Ce cri, qui paraissait arraché à la passion la plus folle, atterra le père Plantat, mais ne surprit pas M. Lecoq.
– Non, madame, reprit-il, non, vous n’êtes pas la complice de cet homme. D’ailleurs le meurtre de sa femme est le moindre de ses forfaits. Savez-vous pourquoi il ne vous a pas épousée? C’est que de concert avec Mme Berthe, qui était sa maîtresse, il a empoisonné Sauvresy, son sauveur, son meilleur ami. Nous en avons la preuve.
C’était plus que n’en pouvait supporter l’infortunée Laurence, elle chancela et tomba mourante sur le canapé.
Mais elle ne doutait pas. Cette terrible révélation déchirait le voile qui, jusqu’alors, avait pour elle recouvert le passé. Oui, l’empoisonnement de Sauvresy lui expliquait toute la conduite d’Hector, sa position, ses craintes, ses promesses, ses mensonges, sa haine, son abandon, son mariage, sa fuite, tout enfin.
Pourtant, elle essayait encore, non de le défendre, mais de prendre la moitié de ses crimes.
– Je le savais, balbutia-t-elle, d’une voix brisée par les sanglots, je savais tout.
Le vieux juge de paix était au désespoir.
– Comme vous l’aimez, pauvre enfant, s’écria-t-il, comme vous l’aimez!
Cette douloureuse exclamation rendit à Laurence toute son énergie, elle fit un effort et se redressa l’œil brillant d’indignation:
– Moi l’aimer, s’écria-t-elle, moi!… Ah! tenez, à vous, mon seul ami je puis expliquer ma conduite, car vous êtes digne de me comprendre. Oui, je l’ai aimé; c’est vrai, aimé jusqu’à l’oubli du devoir, jusqu’à l’abandon de moi-même. Mais un jour il s’est montré à moi tel qu’il est, je l’ai jugé, et mon amour n’a pas résisté au mépris. J’ignorais l’assassinat terrible de Sauvresy, mais Hector m’avait avoué que son honneur et sa vie étaient entre les mains de Berthe…, et qu’elle l’aimait. Je l’ai laissé libre de m’abandonner, de se marier, sacrifiant ainsi plus que ma vie à ce que je croyais son bonheur, et cependant je n’avais plus d’illusions. En fuyant avec lui, je me sacrifiais encore. Quand j’ai vu que cacher ma honte devenait impossible, j’ai voulu mourir. Si je vis, si j’ai écrit à ma malheureuse mère une lettre infâme, si en un mot, j’ai cédé aux prières d’Hector, c’est qu’il me priait au nom de mon enfant… de notre enfant.
M. Lecoq qui sentait que le temps pressait essaya une observation, Laurence ne l’écouta pas.

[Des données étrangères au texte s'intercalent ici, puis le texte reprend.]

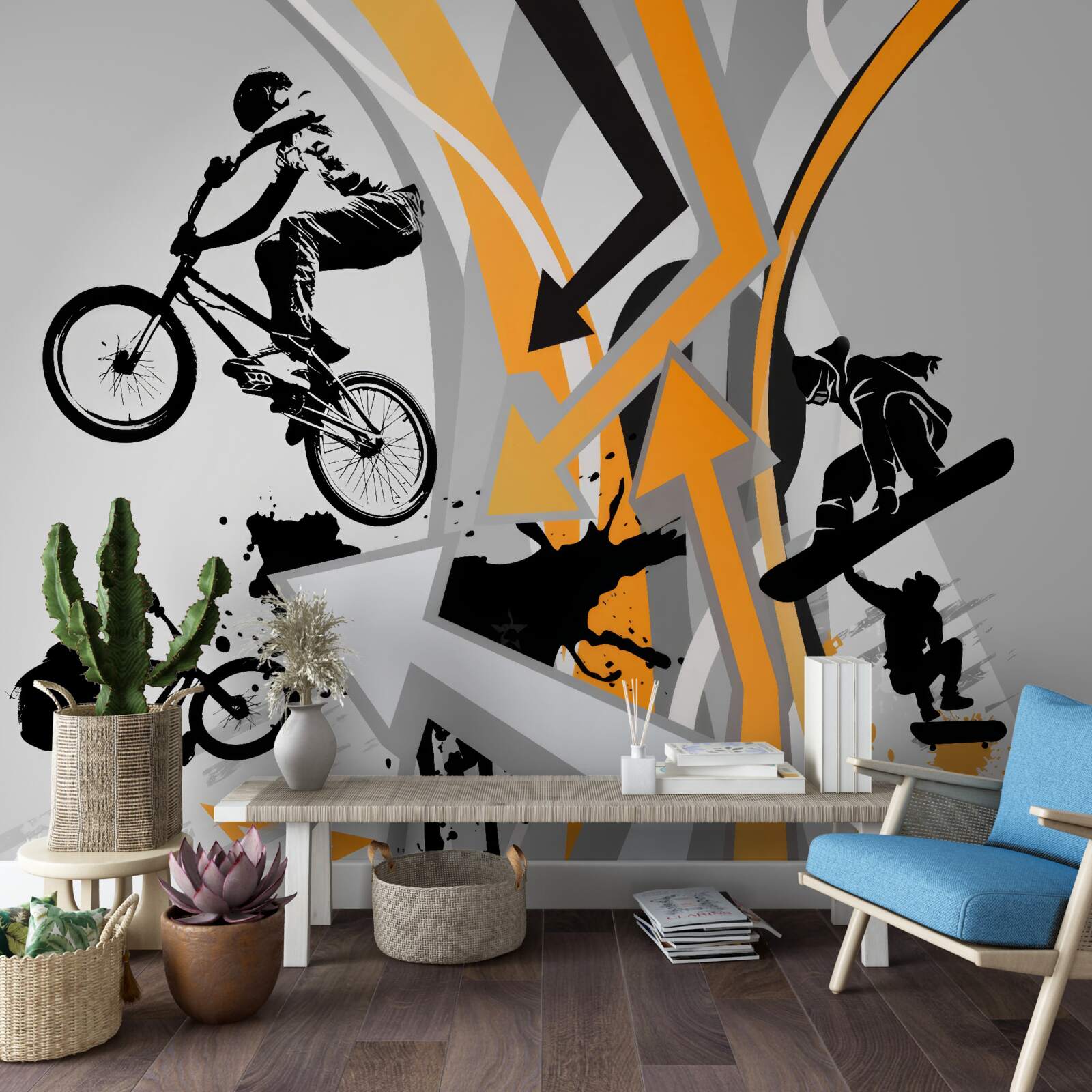 Fototapeta mladí ľudia jazdia na bicykli a skateboarde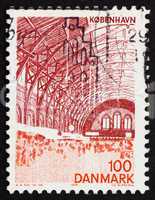 Postage stamp Denmark 1976 Central Station, Interior, Copenhagen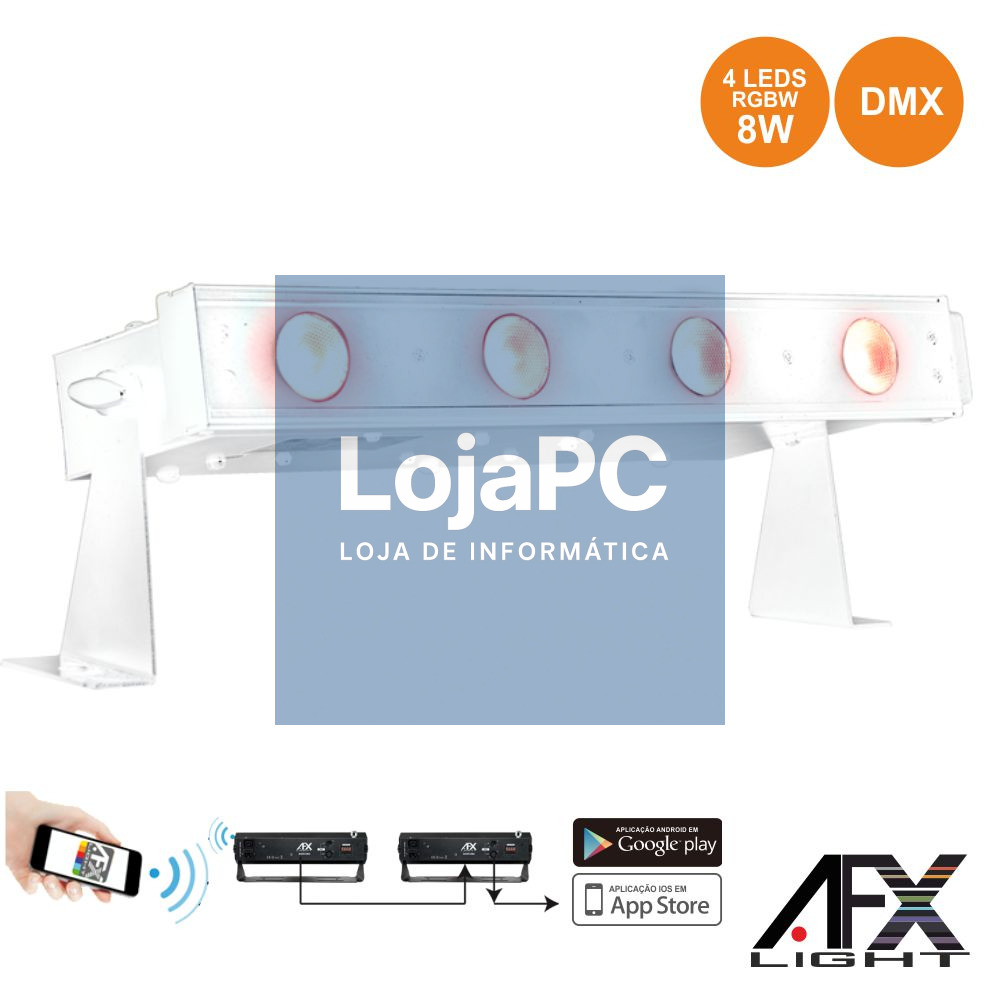 BARRA C/ 4 LEDS RGBW 8W SUPORTE BATERIA DMX BRANCO AFXLIGHT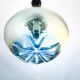 Vintage teak wood agua blue glass pendant lamp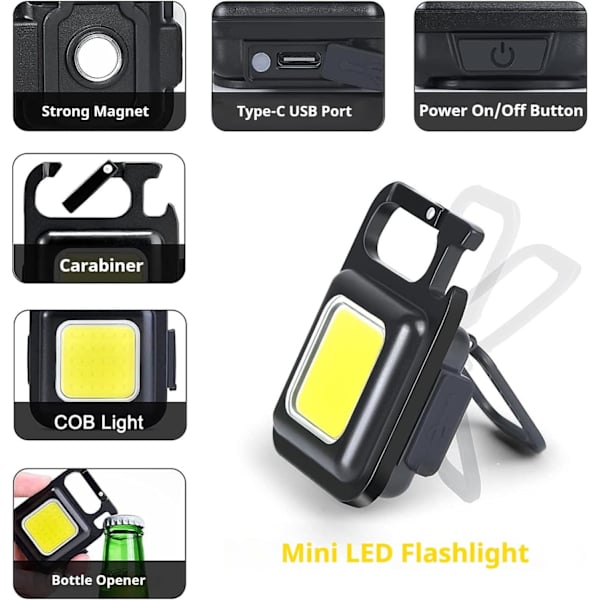 Mini LED Työvalo, 4 kpl 800 Lumenin Tarkastusvalot Ladattava Mini Avaimenperä Työpajan Lamppu Magneetilla ja Koukulla, COB 4 Tilaa Taskulamppuja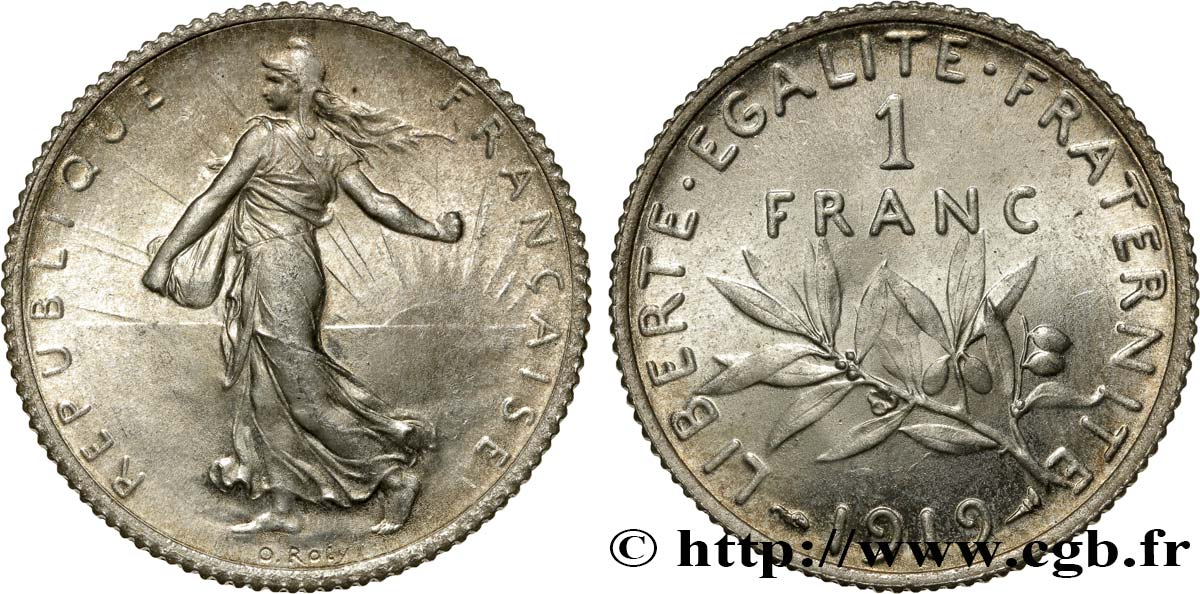 1 franc Semeuse 1919 Paris F.217/25 SPL63 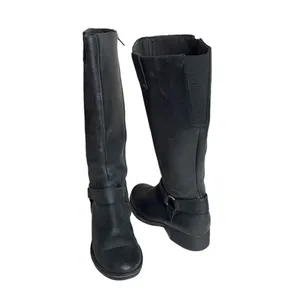 CLARKS Royal Derby Black Leather Boots Low Heal Tall Riding Womens Size 7.5 thumbnail 8
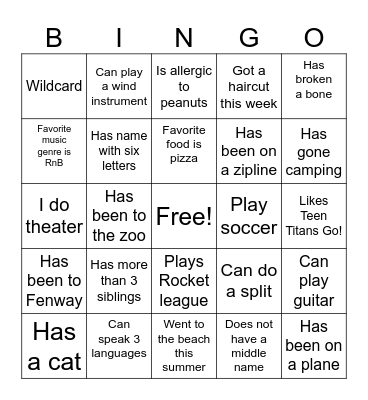 Bingo Card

– Mais qu’importe! poursuivait-elle. Je l’ai aimé, je l’ai suivi, je suis à lui. La constance, voilà la seule excuse d’une faute comme la mienne. Je ferai mon devoir. Je ne saurais être innocente quand mon amant a commis un crime, je veux la moitié du châtiment.

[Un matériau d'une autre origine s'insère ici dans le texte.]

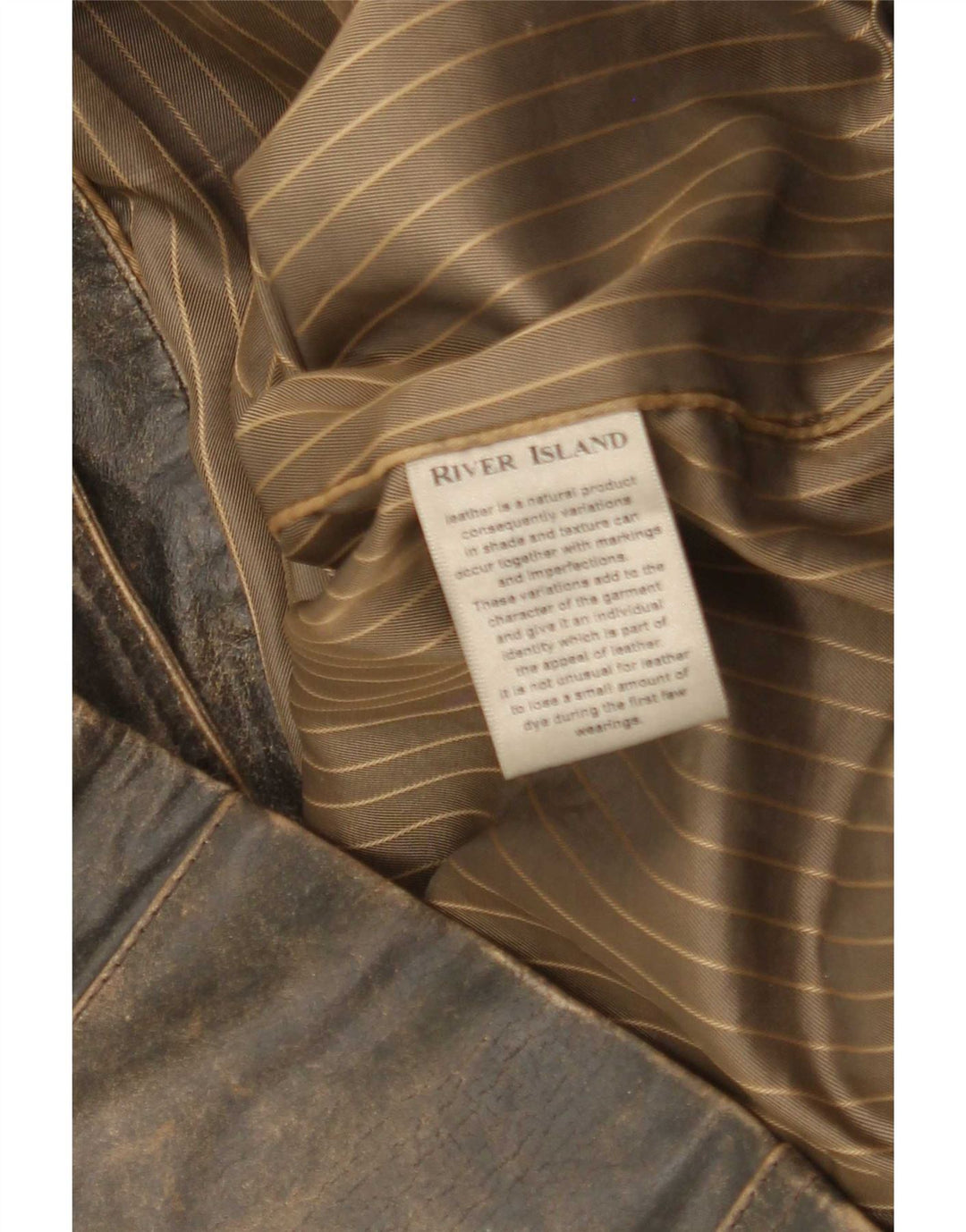 Ανδρικό δερμάτινο μπουφάν River Island UK 38 Medium Brown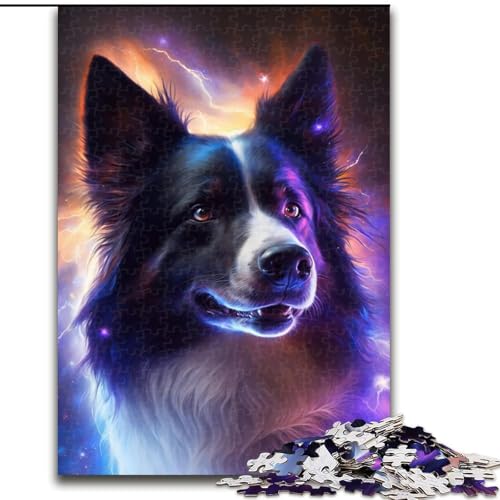 Puzzle 1000 Teile für Erwachsene, buntes Border Collie-Puzzle aus Holz, perfekt für Halloween, Weihnachten, Geburtstagsgeschenk, 1000 Stück(50x75cm) von XHAXING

Elle parlait avec une animation si extraordinaire que l’agent de la Sûreté désespérait de la calmer, lorsque deux coups de sifflet, donnés dans la rue, arrivèrent jusqu’à lui. Trémorel rentrait, il n’y avait plus à hésiter, il saisit presque brutalement le bras de Laurence.

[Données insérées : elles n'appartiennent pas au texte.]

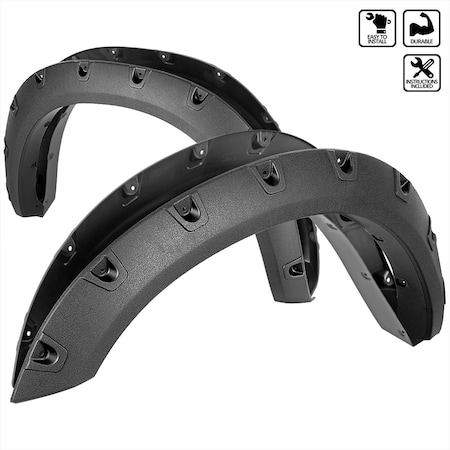 Spec-D Tuning 2500 3500 TEXTURED FENDER FLARES EXCLUDES DUALLY MODELS, 4PK FDF-RAM1925B-PK-MP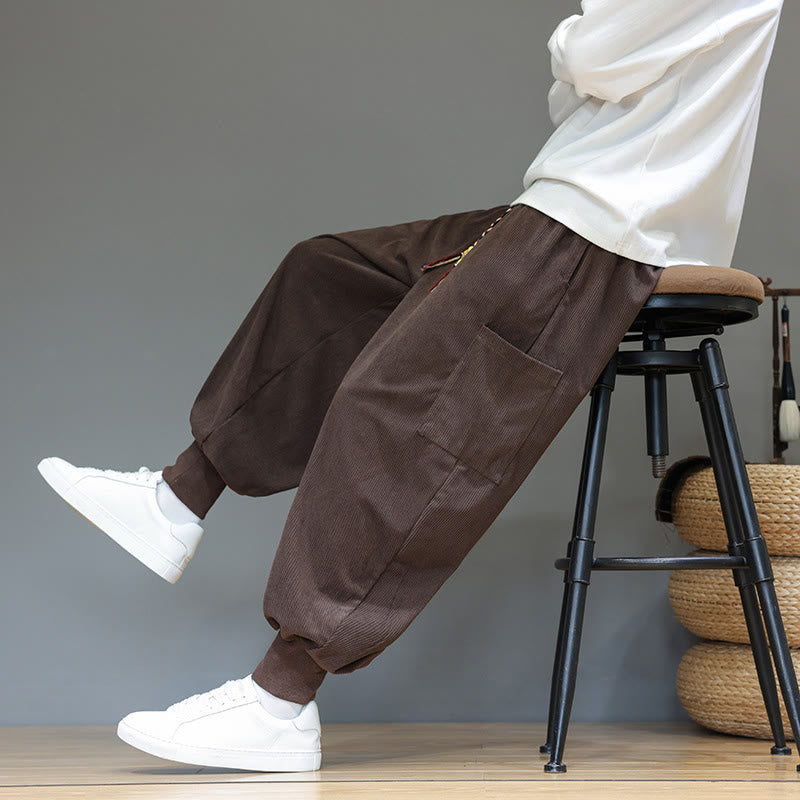 Pantaloni da uomo in cotone alla caviglia con tasche, tinta unita, modello Buddha Stones Spring - image 36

– Tout cela, madame, fit-il d’un ton dur, vous le direz aux juges, mes ordres ne concernent que le sieur Trémorel. Voici, au surplus, le mandat d’amener…
Il sortit à ces mots le mandat décerné par M. Domini et le posa sur la table.
À force de volonté, Laurence était redevenue presque calme:
– Vous m’accorderez bien, demanda-t-elle, cinq minutes d’entretien avec M. le comte de Trémorel.
M. Lecoq eut un tressaillement de joie. Cette demande, il l’avait prévue, il l’attendait.
– Cinq minutes, soit, répondit-il. Mais renoncez, madame, à l’espoir de faire évader le prévenu, la maison est cernée; regardez dans la cour et dans la rue, vous verrez mes hommes en embuscade. D’ailleurs, je vais rester là, dans la pièce voisine.